He posited that West Indian Sea Island Cotton would create a competitive advantage for Jamaican designs, and present the opportunity for value-added products. He pointed out that some 85 to 90 per cent of the value of fashion creations go to the designer and marketing and distribution, while 10 to 15 per cent goes to the manufacturer.
“It is quite possible to outsource the manufacturing to China and for us to control the lion’s share of the value, which is based in intellectual property and the marketing and distribution. So this possibility that we’re talking about, is very real to us,” Mr. Gregory stated.
Chief Executive Officer of the Jamaica Agricultural Development Foundation (JADF), which oversees the development of West Indian Sea Island Cotton locally, Vitus Evans, also endorsed the value-added component advanced.
“What we are hoping is that if there is an opportunity to enter into some joint arrangement with China to make the fabric, we can enjoy the benefits of the production. There is undoubtedly a strong demand for West Indian Sea Island Cotton and we are satisfied that Jamaica has enough land and people to produce the cotton successfully,” he said.

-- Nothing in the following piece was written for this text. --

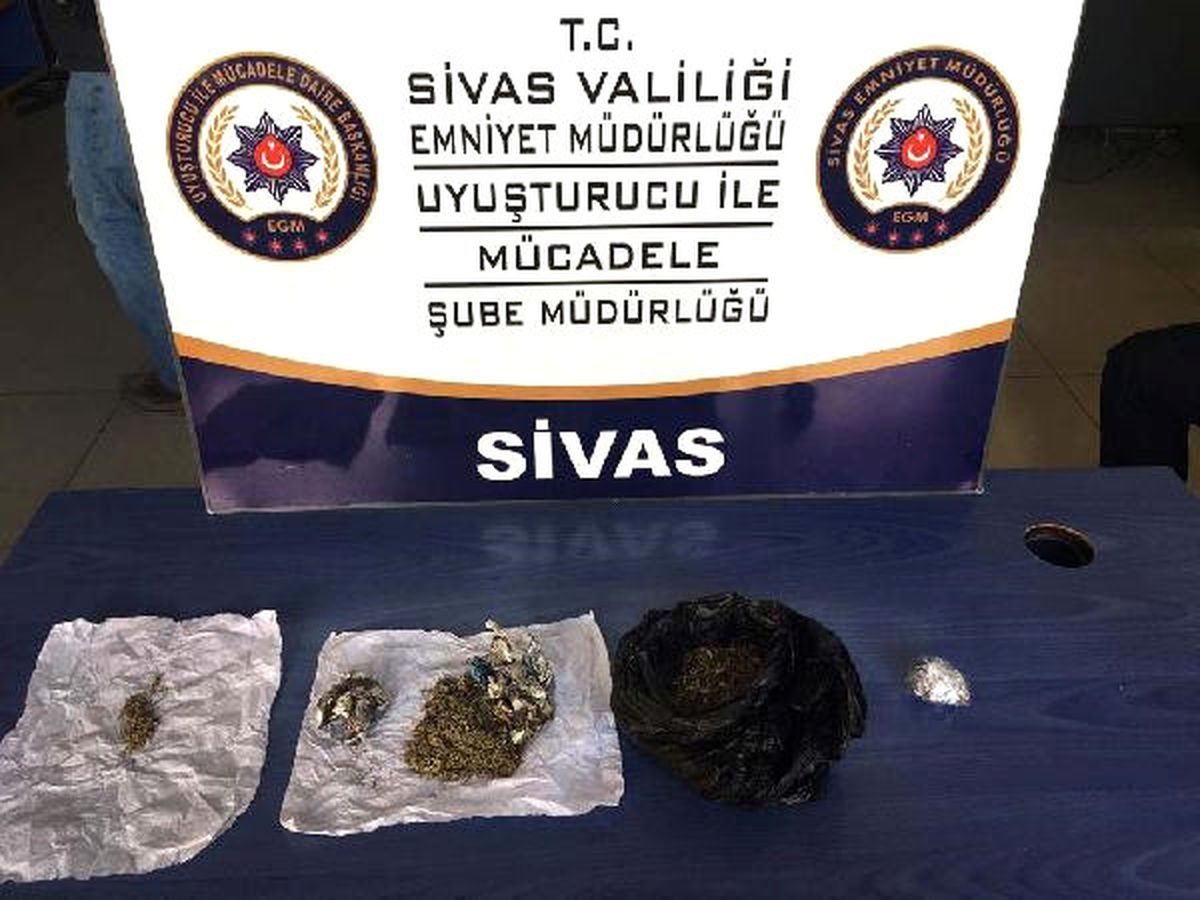 Otogarda Uyuşturucu Operasyonu: 5 Gözaltı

Mr. Evans added that with the renewal of friendly relations with Japanese interests on the horizon, in the wake of a legal battle over the over the West Indian Sea Island Cotton trademark, Jamaica would be in an excellent position to boost its level of production and resume export to that market. Jamaica earned some US$480,000 (J$42.6 million from cotton lint exports in 2008.
Speaking through an interpreter, Deputy Secretary-General of the China National Textile and Apparel Council, Xu Yingxin, hinted at the possibility of linking West Indian Sea Island Cotton interests with partners in China.

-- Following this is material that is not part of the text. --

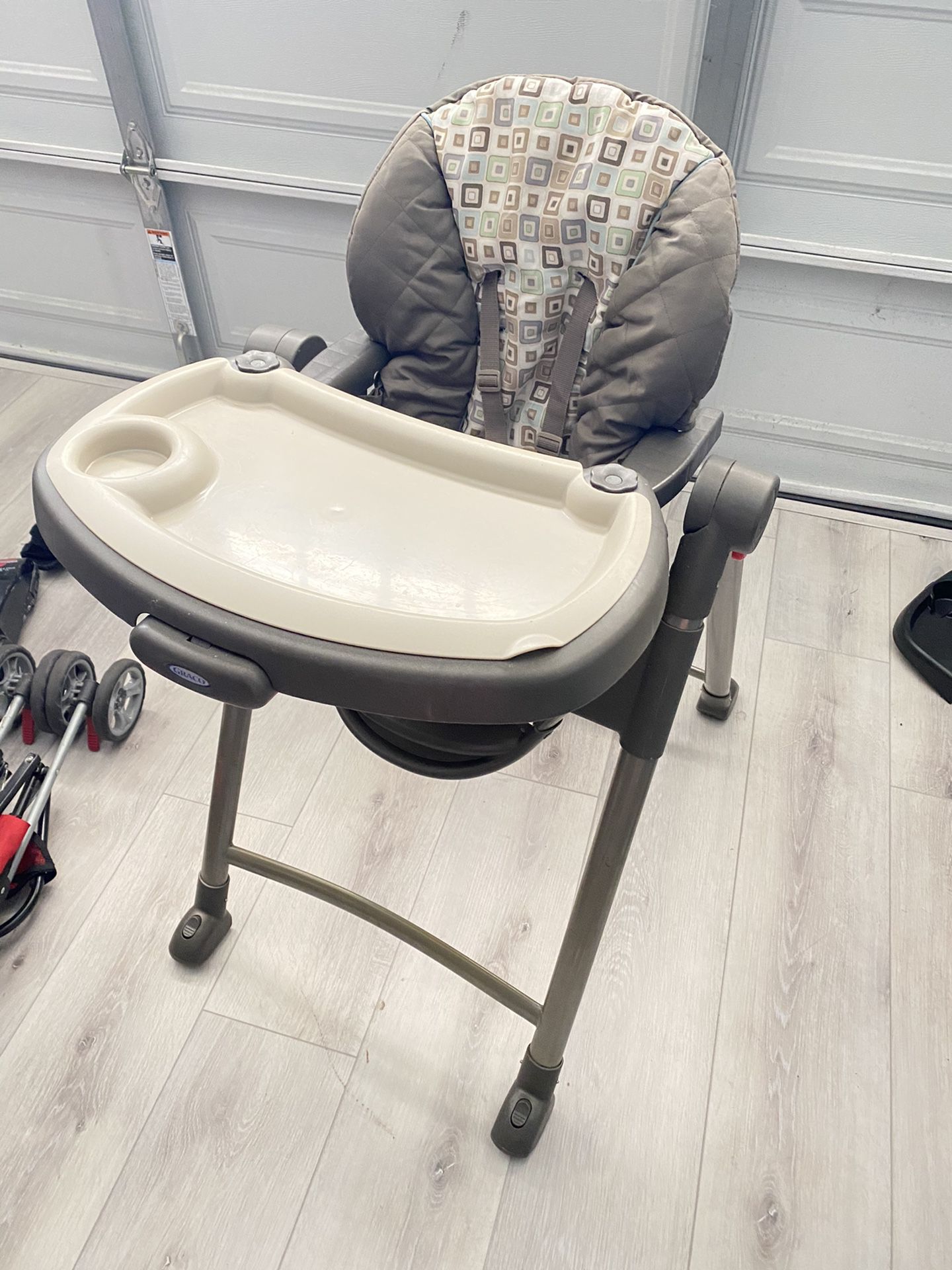 Graco High Chair for toddlers (removable covers, tray)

“What we can do is to introduce West Indian Sea Island Cotton to Chinese textile companies and help you to promote (it) in China. If possible, I would like to invite Jamaica to organise a small group to visit China and introduce the product (there),” he said.
Regarding tourism, Mr. Gregory said Jamaica is interested in capturing a significantly greater portion of the Chinese market. The Asian country recorded some 48 million outbound tourists in 2008, with a spending power of US$6000 per person.
European tourism markets account for 40 percent of Chinese visitors, with another 20 per cent travelling to the United States.
“In order to get a little stimulation going, we are proposing that a Chinese hotel chain invest in building authentic hotels in Jamaica, so as to provide a familiar base for Chinese tourists to come to Jamaica. I think that this is something worth pursuing, and once we have that familiar base then airlift can be negotiated and we can spread out from there,” the JTI President outlined.
Other areas of mutual interest discussed at the meeting in Kingston, included: infrastructure and construction; manufacturing; and information and communications technology (ICT).
Head of the Chinese delegation, CCPIT Vice President, Dong Songgen, was optimistic about future economic co-operation between both countries, noting that the Chinese Government is keen on strengthening ties with Jamaica, based on the excellent bi-lateral relations and complementary business interests shared.
“Jamaica has a lot of priority industries and China is interested in co-operating with Jamaica in those areas. China is attracting a lot of foreign investment, and we, also, are conducting a lot of outbound investments. What is important for us, is to increase the channels of communication and bring the right people together,” Mr. Dong underscored.